Aaron Williams (Andy Samberg) and Charles Poole (“Game of Thrones’ ” Kit Harington) face each other in a Wimbledon tennis match in 2001. Samberg’s Williams was adopted and trained by Venus and Serena’s dad Richard.
Poole is raised by an obsessive mother who only cares for his success and nothing else.
The mockumentary is driven by many cameos of actual sports celebrities like Serena Williams, John McEnroe and Jim Lampley. This cameos help create an atmosphere of veracity and gives the show a feeling of legitimacy.
When William’s and Poole’s career reach a professional level, they are assigned to play each other in their opening debut of the 2001 Wimbledon. Besides of both being really talented, luck, stamina, mental games and outside situations play a part in this outrageous match, which is extended more than it ever should had.
The story follows both William’s and Poole’s origins.
Williams is a overconfident goofy looking athlete that has no sense of style and was very close of conquering the Wimbledon a few years before.

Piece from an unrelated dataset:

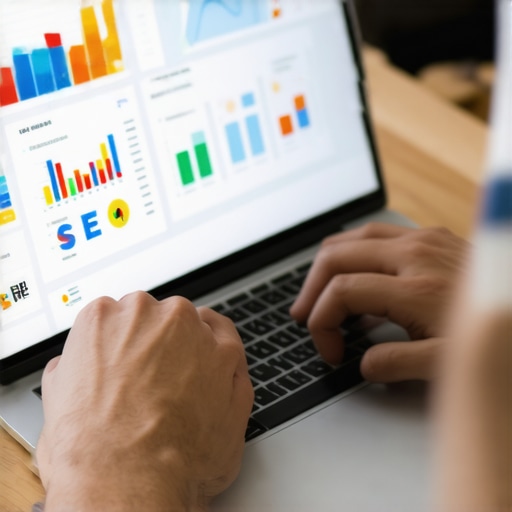 Person analyzing local SEO data on a laptop for GBP maintenance.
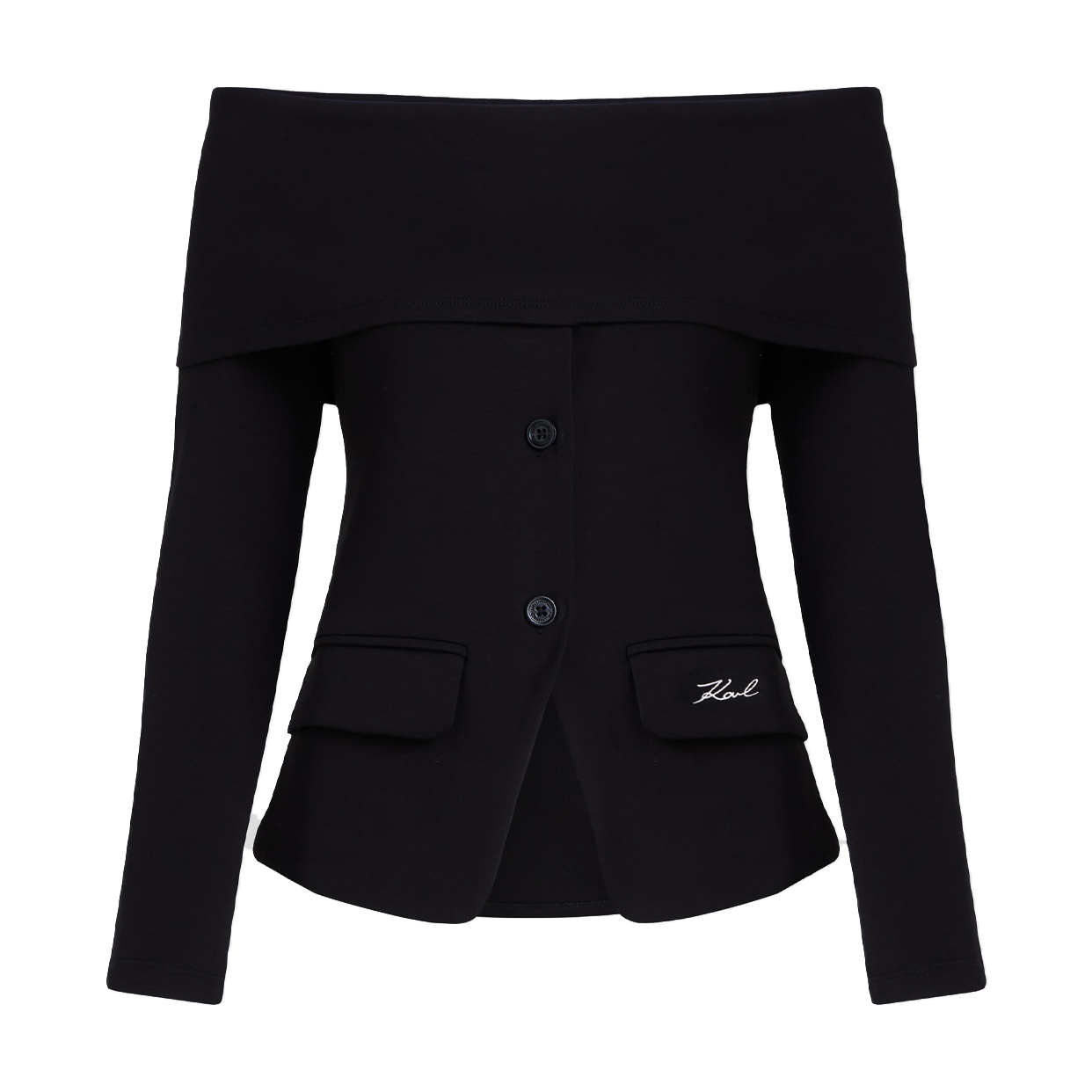 Off-Shoulder Sweatshirt -Black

Poole is an upcoming talent who is expected to win it all and it’s the only athlete representing England in this tournament.
Emphasizing in several sport related stereotypes and clichés the show goes intertwining the characters with press conferences and interviews both before and after the match. And with commentaries from several familiar faces.
The show bases itself in crude humor and explicit scenes that some if not many might find inappropriate. However they do crack out a few if not many laughs.
The humor in this mockumentary is not innovative. Sacha Baron Cohen has done a few times before with movie length pieces like Borat and Brüno but the cameos mentioned before give it a different feeling.
“It would have been incredibly tragic, if these were football players or basketball players, but it was tennis players, who cares?” says Jim Lampley just as the film is about to end.
Fans of the sport might be outraged by “7 Days in Hell,” but the mockumentary takes it so far that even the most avid fan will find a laugh at the exaggerated events that drive this production.